The Betaseron Dilemma In the summer in which the FDA approved Betaseron, the FDA allowed physicians to prescribe the drug to MS patients who were ambulatory and has a relapsing-remitting course of MS. An estimated one-third of the more than 1,000,000 people with MS in the United States fell into that category, resulting in a potential client base of over 300,000. However, the expedited FDA approval process took only one year instead of the customary three years taken to review the drug applications. As a result, Berles was unprepared for it manufacture and distribution in the anticipated amount needed. Chiron Corporation had been making the drug in small quantities for experimental use and did not have the manufacturing facilities to handle the expected explosion in demand. Chiron estimated that it would have enough of the drug for about 36,000 to 75,000 patients by the end of the first year of approval. By the end of the next year, Chiron expected to be able to provide the drug for100,000 patients. Depending on demand, it might take another two years to provide the drug to all patients who requested it. Chirons expanded manufacturing represented the only option for Berles because the process required for another company would take even longer.

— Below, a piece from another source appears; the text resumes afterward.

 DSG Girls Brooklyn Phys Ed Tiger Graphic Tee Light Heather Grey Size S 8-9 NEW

In addition, to availability, price was a concern because successes must fund the failures that precede them. Betaseron represented the results of years of expensive risky research by highly trained scientists in modern research facilities. Furthermore, genetically engineered drugs were extremely expensive to manufacture. In the case of Betaseron, a human interferon gene was injected into bacteria, resulting in a genetically engineered molecule. The stringent quality controls on the procedure take time and are expensive. As a result, the price of Betaseron was expected to be about $20,000 per year for each patient. Betaseron brought great hope to people with MS and a great quandary to Berles. The CEO of Berles is meeting with top executives of both Berles and Chiron to determine a course of action with distribution, supply limitations and pricing of the drug.

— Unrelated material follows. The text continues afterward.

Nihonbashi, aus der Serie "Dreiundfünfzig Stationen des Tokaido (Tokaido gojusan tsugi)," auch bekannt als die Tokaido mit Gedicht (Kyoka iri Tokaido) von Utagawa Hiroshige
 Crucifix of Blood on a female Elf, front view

Assignment: The CEO has approached to develop some recommendations about how Berles should proceed with distribution, the limited supply currently available, and how to price the drug. Prepare a one to two page memo summarizing your recommendations with support for your recommendations. Dont be afraid to think outside the box. This is a new situation for Berles with demand versus supply. Dont be afraid to be innovative.